An immutable map doesn't get replaced wholesale. Most of the new map
uses the same data as the old map, with just a sprinkling of new data
structures adjusted for the key that was inserted or removed.

Alan Burlison
Joined: 2011-08-26,
User offline. Last seen 42 years 45 weeks ago.
Re: How to do an efficient update of an immutable map

On 21/12/2011 12:17, Daniel Sobral wrote:

> An immutable map doesn't get replaced wholesale. Most of the new map
> uses the same data as the old map, with just a sprinkling of new data
> structures adjusted for the key that was inserted or removed.

Neat, thanks for the info. If I wanted to go get my head around the
implementation, where would be the best place to start looking?

dcsobral
Joined: 2009-04-23,
User offline. Last seen 38 weeks 5 days ago.
Re: How to do an efficient update of an immutable map

On Wed, Dec 21, 2011 at 10:32, Alan Burlison wrote:
> On 21/12/2011 12:17, Daniel Sobral wrote:
>
>> An immutable map doesn't get replaced wholesale. Most of the new map
>> uses the same data as the old map, with just a sprinkling of new data
>> structures adjusted for the key that was inserted or removed.
>
>
> Neat, thanks for the info.  If I wanted to go get my head around the
> implementation, where would be the best place to start looking?

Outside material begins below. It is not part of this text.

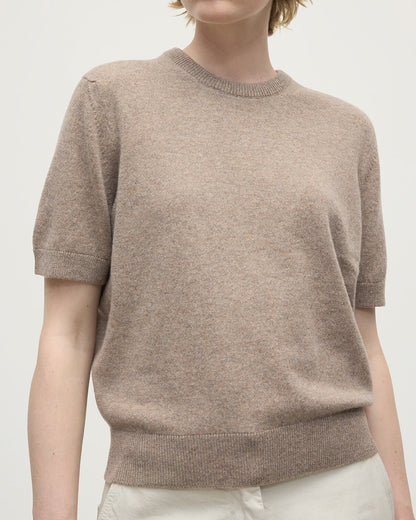 Model wears Johnstons of Elgin AW25 Women's Knitwear Ash Classic Cashmere Brown T-shirt details KAP05574HB4334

From what I saw, it uses a TrieMap based on the hash (HashTrieMap),
plus some optimizations to provide good parallelism. This is a rather
complex structure, and I advise you to get a general grounding on
functional tries before tackling the implementation. Daniel Spiewak's
Extreme Cleverness presentation
(http://www.infoq.com/presentations/Functional-Data-Structures-in-Scala)
might get you started. It's very interesting anyway, and explains very
well the basic concepts of data structure reuse (persistent data
structures).

The whole implementation seems to be inside HashMap.scala, so you can
just look up the immutable HashMap class on Scaladoc, and then click
on the link to the source code.

Tony Morris 2
Joined: 2009-03-20,
User offline. Last seen 42 years 45 weeks ago.
Re: Re: How to do an efficient update of an immutable map

On 12/21/2011 09:42 AM, Alan Burlison wrote:
>> I believe there should be operators for adding one map to another (in a
>> rush right now so can't check, sorry). So you could create a new map, add
>> your new elements to it which would be fast since it's small (in fact, you
>> could even make it mutable), and then add the new map to the old map to get
>> the final map. I'm assuming that the underlying implementations are
>> efficient (which probably means they use transient mutable structures).
> That's more or less what I was intending to to for the additions and
> updates, but it won't cater for removals - that's the problem. Also
> you don't have to use a map for the add/update you can use a list of
> key/value pairs.

You want a zipper. Unfortunately there isn't one in the standard Map
implementations. I hear there is one on the way in a third party
library, or you could write one yourself pretty easily. You want to
avoid mutability for efficiency reasons.

Tony Morris
Joined: 2008-12-19,
User offline. Last seen 30 weeks 4 days ago.
Re: How to do an efficient update of an immutable map

I recommend writing a (immutable) self-balancing binary tree map, with accompanying zipper to achieve your operations efficiently.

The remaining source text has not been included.